■ REQUIRED ACTION ■
Leaving out pictures, output exactly the lines below from the one that has "Poêle à granules" through the one that has "5-(5-bromopyridin-3-yl)-1,3-oxazol-2-amine structure", and nothing else.

■ PROVIDED RECORDS ■
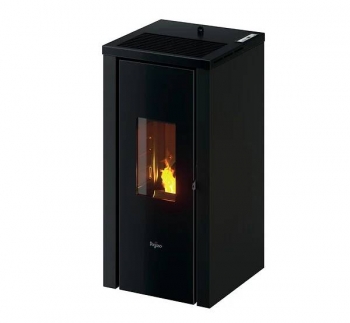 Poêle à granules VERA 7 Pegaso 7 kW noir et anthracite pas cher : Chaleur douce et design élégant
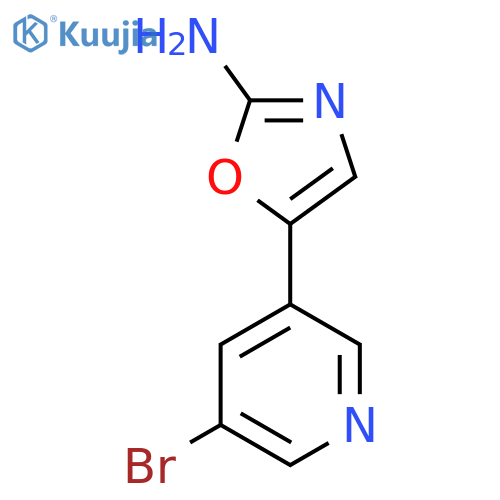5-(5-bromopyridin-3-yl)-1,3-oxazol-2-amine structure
--
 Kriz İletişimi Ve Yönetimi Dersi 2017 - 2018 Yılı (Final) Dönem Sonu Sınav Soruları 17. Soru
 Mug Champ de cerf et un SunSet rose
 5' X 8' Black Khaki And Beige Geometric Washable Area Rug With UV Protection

■ RESULT OF THE EXERCISE ■
 Poêle à granules VERA 7 Pegaso 7 kW noir et anthracite pas cher : Chaleur douce et design élégant
5-(5-bromopyridin-3-yl)-1,3-oxazol-2-amine structure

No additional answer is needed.